Pikirannya mulai kabur, kesadarannya seperti eceng gondok yang mengambang terombang-ambing dalam gelombang panas, terkadang dekat, terkadang jauh, terkadang terang, terkadang redup.

Dia menggigit bibir bawahnya dengan keras, berusaha tetap terjaga di tengah rasa sakit yang luar biasa, tetapi obat itu terlalu kuat.

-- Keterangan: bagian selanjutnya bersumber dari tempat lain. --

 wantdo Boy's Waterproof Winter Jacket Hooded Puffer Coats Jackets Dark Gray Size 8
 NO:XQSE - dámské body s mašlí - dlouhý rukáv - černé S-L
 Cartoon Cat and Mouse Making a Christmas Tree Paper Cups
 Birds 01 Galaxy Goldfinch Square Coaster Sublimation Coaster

Bahkan esensi Xuanbing di dalam tubuhnya ditekan hingga lumpuh, sehingga ia hanya mampu membiarkan aura memb scorching itu mengamuk di anggota tubuh dan tulangnya.

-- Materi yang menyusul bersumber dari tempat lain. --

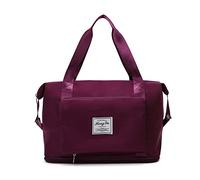 FANDARE Borsone da Viaggio Borsa Palestra Pieghevoli Uomo Donna Borsa Sportiva Weekender Borsone Piscina Grande Borsone Nascita Ospedale Borsa Palestra con Scomparto Scarpe Viola scuro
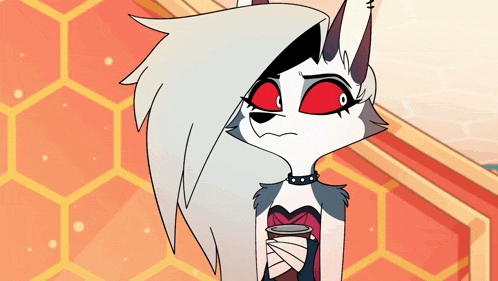 a cartoon character with horns is holding a cup of coffee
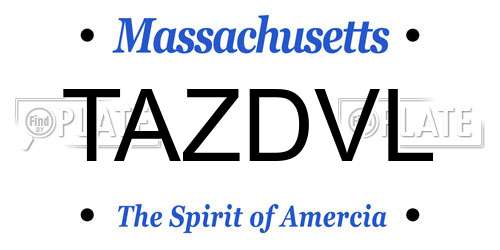 TAZDVL Massachusetts License Plate
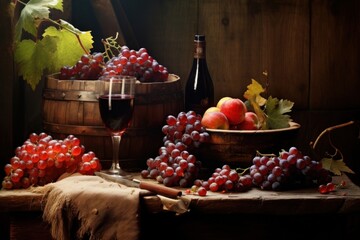 Obraz premium Rustic wooden table overflowing with freshly picked grapes countryside outdoors beverage.
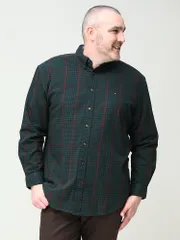 トミーヒルフィガー 長袖 シャツ 大きいサイズ メンズ ボタンダウン BLAKELY BLEN CHECK LS CLF チェックシャツ TOMMY HILFIGER グリーン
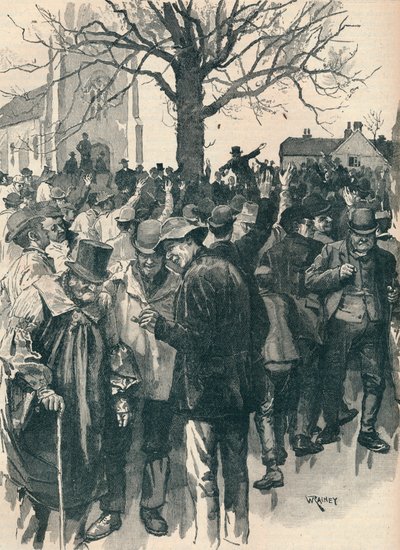 沃里克郡农场工人罢工：在惠特纳什开会，1872年1906年 作者 威廉·雷尼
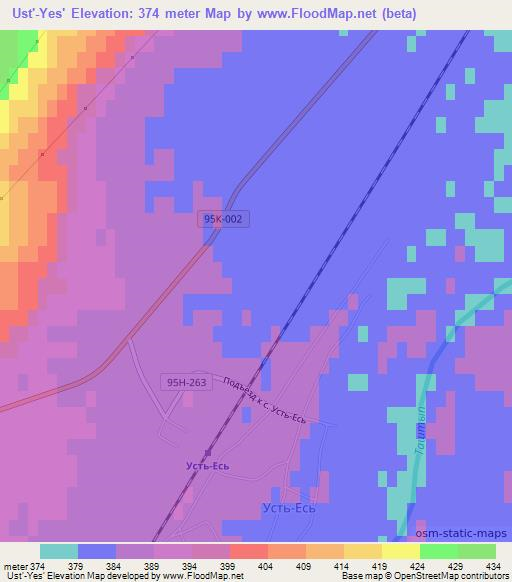Ust'-Yes',Russia Elevation Map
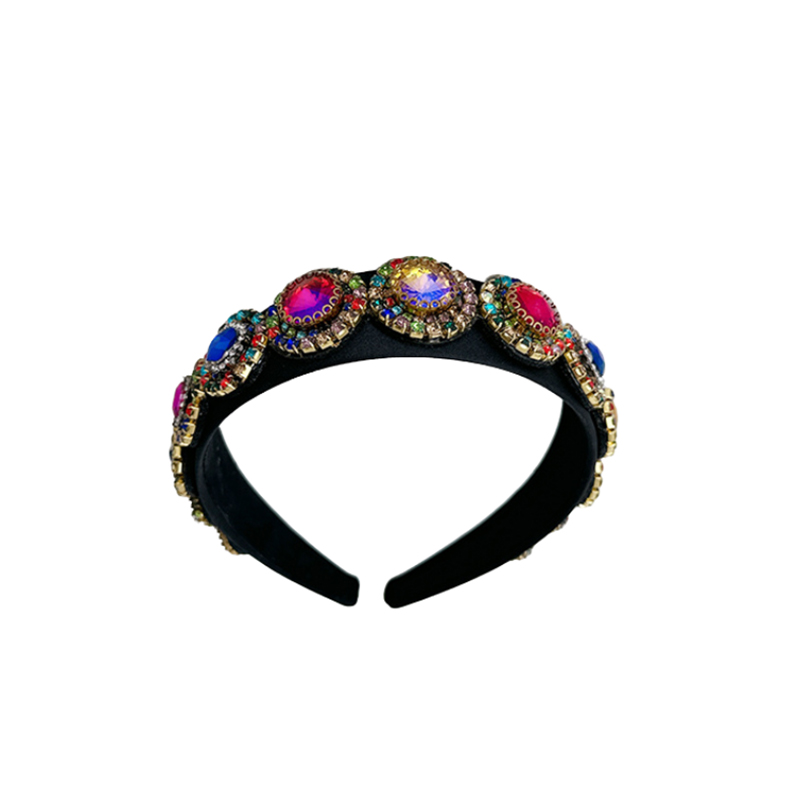 Lady Romantic Round Flannel Inlay Rhinestones Hair Band display picture 2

Di luar sangkar, sosok Yang Mulia Chiyang muncul kembali.

Dia berdiri di luar pagar besi, menatap wajah Jiang Xuelan yang memerah dan berkabut, matanya yang dulunya jernih dan dingin kini berkaca-kaca, dan senyum puas sekaligus serakah terlintas di matanya.

“Anak yang baik.”

Yang Mulia Matahari Merah tertawa kecil, mengangkat tangannya, dan dengan lambaian lembut, gerbang besi itu terbuka.

Dia melangkah masuk ke dalam kandang, jubah merahnya terseret di lantai batu yang panas membara dengan suara gemerisik yang samar.

Ia mengulurkan tangan, jari-jarinya yang panjang dan ramping menyentuh bagian depan kemejanya, perlahan membuka kancing pertama. Suaranya dipenuhi gairah yang telah lama terpendam dan rasa yakin: “Kau tidak akan sekeras kepala ini nanti.”

Pikiran Jiang Xuelan terkikis secara drastis oleh narkoba.

Dia bisa melihat sosok merah tua itu semakin mendekat, dan dia bisa merasakan aura panas dan berbahaya yang mengintai, tetapi tubuhnya terasa seperti terbakar, anggota badannya lemah dan tak berdaya, dan dia bahkan tidak memiliki kekuatan untuk mengangkat jari.